### Problem to work on:
Repeat the whole listing word for word, skipping pictures.

### Source data:

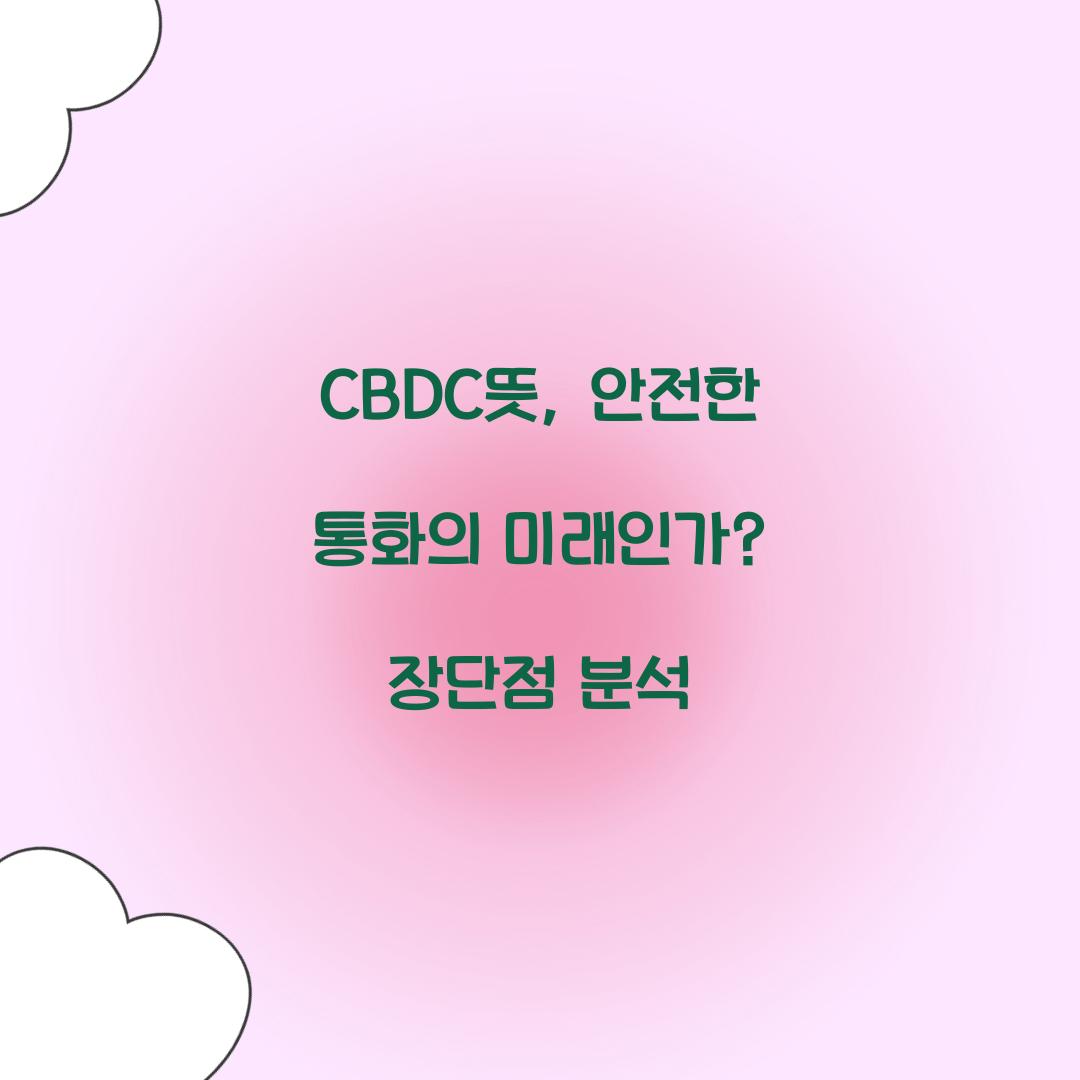 CBDC뜻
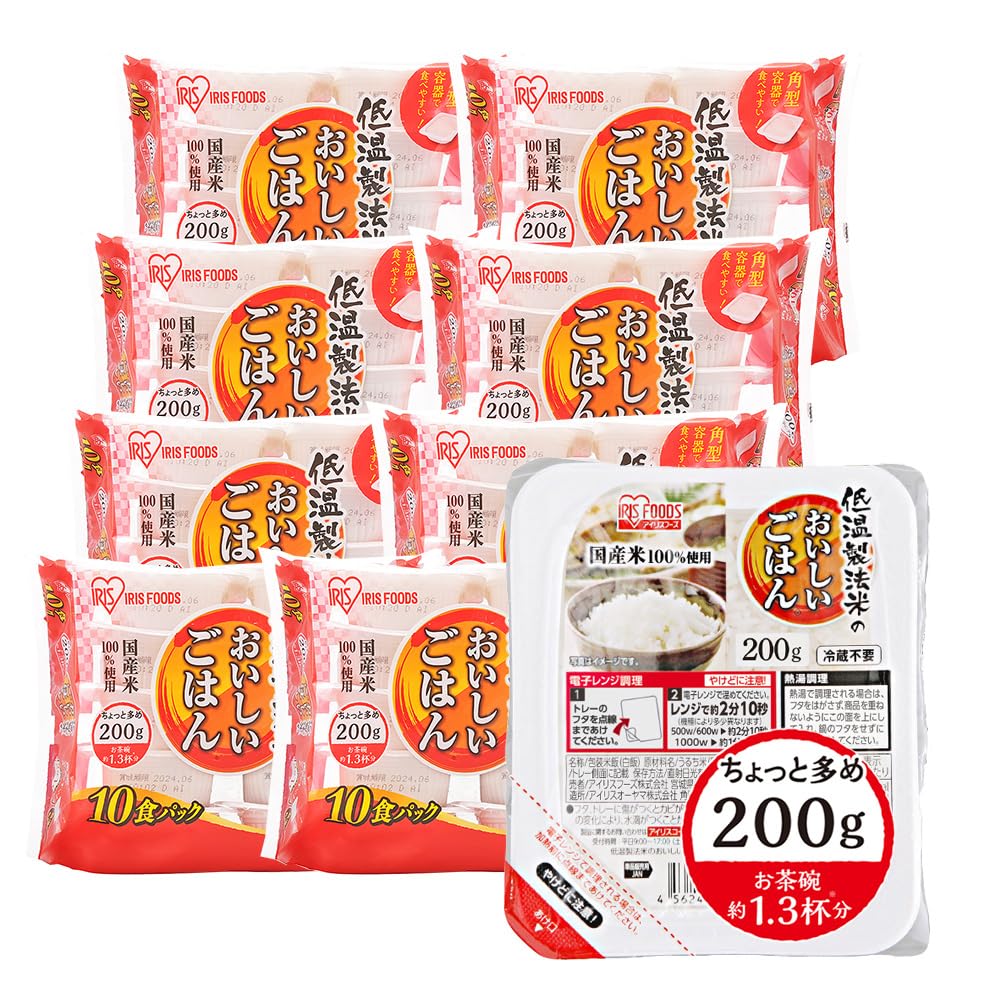 アイリスオーヤマ 低温製法米のおいしいごはん 国産米 200g×80個の商品画像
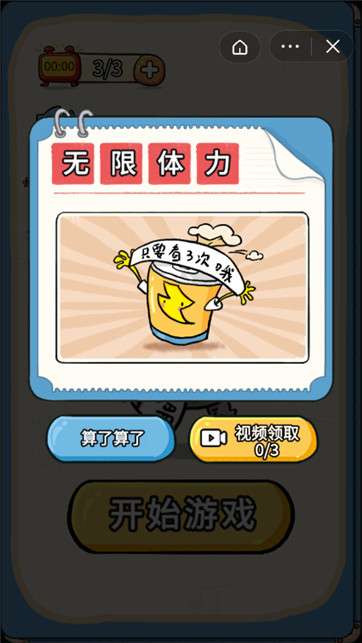 我不是大聪明图2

### Task solution:
 CBDC뜻
 アイリスオーヤマ 低温製法米のおいしいごはん 国産米 200g×80個の商品画像
 我不是大聪明图2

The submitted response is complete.